# Neural Network Basic s

### Brief Review of Machine Learning

In supervised learning, parametric models are those where the model is a function of a fixed form with a number of unknown _parameters_.  Together with a loss function and a training set, an optimizer can select parameters to minimize the loss with respect to the training set.  Common optimizers include stochastic gradient descent.  It tweaks the parameters slightly to move the loss "downhill" due to a small batch of examples from the training set.

## Part A:  Linear & Logistic Regression

You've likely seen linear regression before.  In linear regression, we fit a line (technically, hyperplane) that predicts a target variable, $y$, based on some features $x$.  The form of this model is affine (even if we call it "linear"):  

$$y_{hat} = xW + b$$

where $W$ and $b$ are weights and an offset, respectively, and are the parameters of this parametric model.  The loss function that the optimizer uses to fit these parameters is the squared error ($||\cdots||_2$) between the prediction and the ground truth in the training set.

You've also likely seen logistic regression, which is tightly related to linear regression.  Logistic regression also fits a line - this time separating the positive and negative examples of a binary classifier.  The form of this model is similar: 

$$y_{hat} = \sigma(xW + b)$$

where again $W$ and $b$ are the parameters of this model, and $\sigma$ is the [sigmoid function](https://en.wikipedia.org/wiki/Sigmoid_function) which maps un-normalized scores ("logits") to values $\hat{y} \in [0,1]$ that represent probabilities.
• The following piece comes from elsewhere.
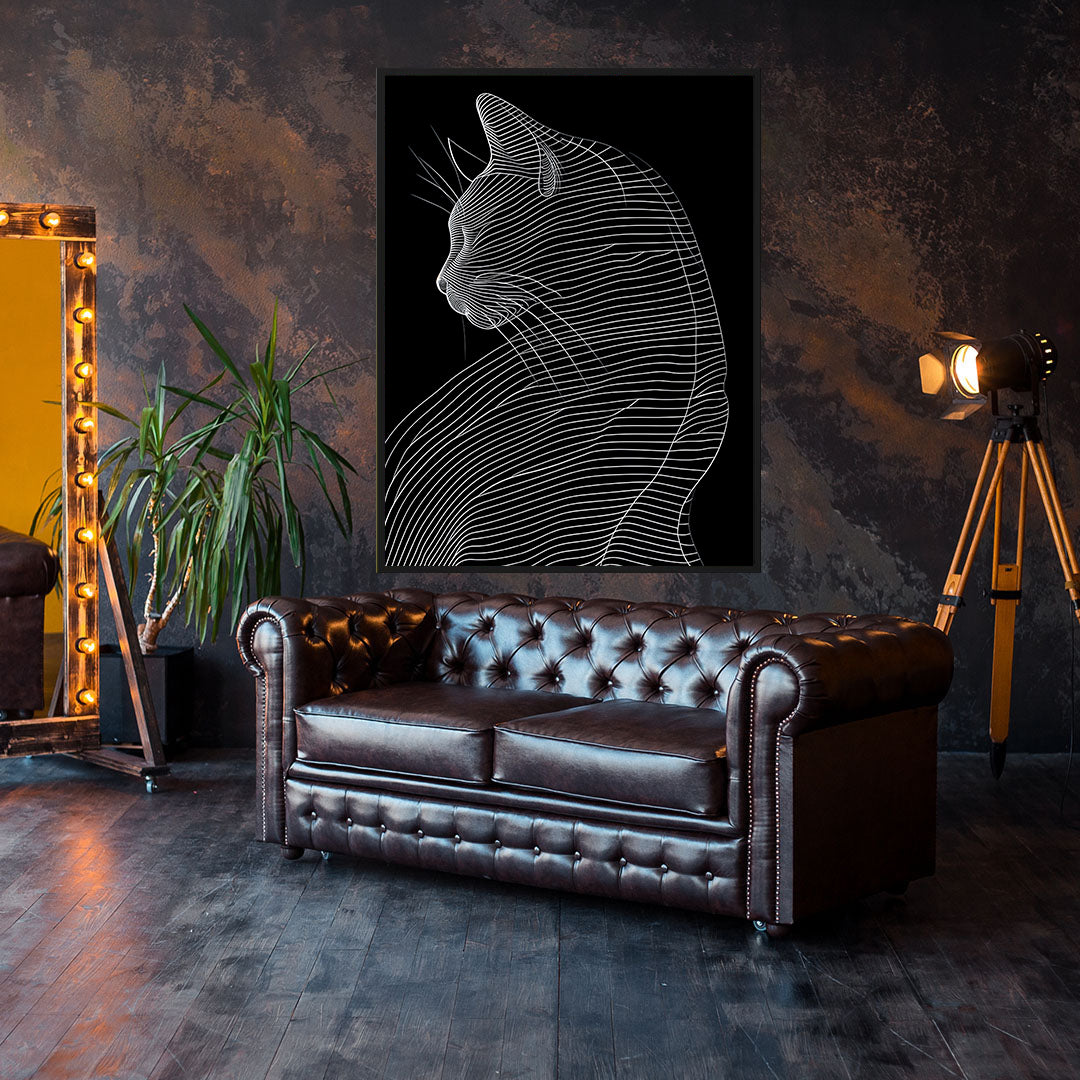 Tablou Canvas - Black and White Cat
The loss function that the optimizer uses to fit these parameters is the [cross entropy](../information_theory.ipynb) between the prediction and the ground truth in the training set.

This pattern of an affine transform, $xW + b$, occurs over and over in machine learning.

**We'll use logistic regression as our running example for the rest of this part.**


### Short Answer Questions

Imagine you want to implement logistic regression:

* `z = xW + b`
* `y_hat = sigmoid(z)`

Where:
1.  `x` is a 10-dimensional feature vector
2.  `W` is the weight vector
3.  `b` is the bias term

What are the dimensions of `W` and `b`?  Recall that in logistic regression, `z` is just a scalar (commonly referred to as the "logit").

Sketch a picture of the whole equation using rectangles to illustrate the dimensions of `x`, `W`, and `b`.  See examples below for inspiration (though please label each dimension).  We don't ask you to submit this, but make sure you can do it!  It's the "print" debugging statement of neural networks!  It's also useful for reading papers... if you can't draw the shapes of all the tensors, you don't (yet) know what's going on!

## Part B: Batching

Let's say we want to perform inference using your model (parameters `W` and `b`) above on 10 examples intsead of just 1. On modern hardware (especially GPUs), we can do this efficiently by *batching*.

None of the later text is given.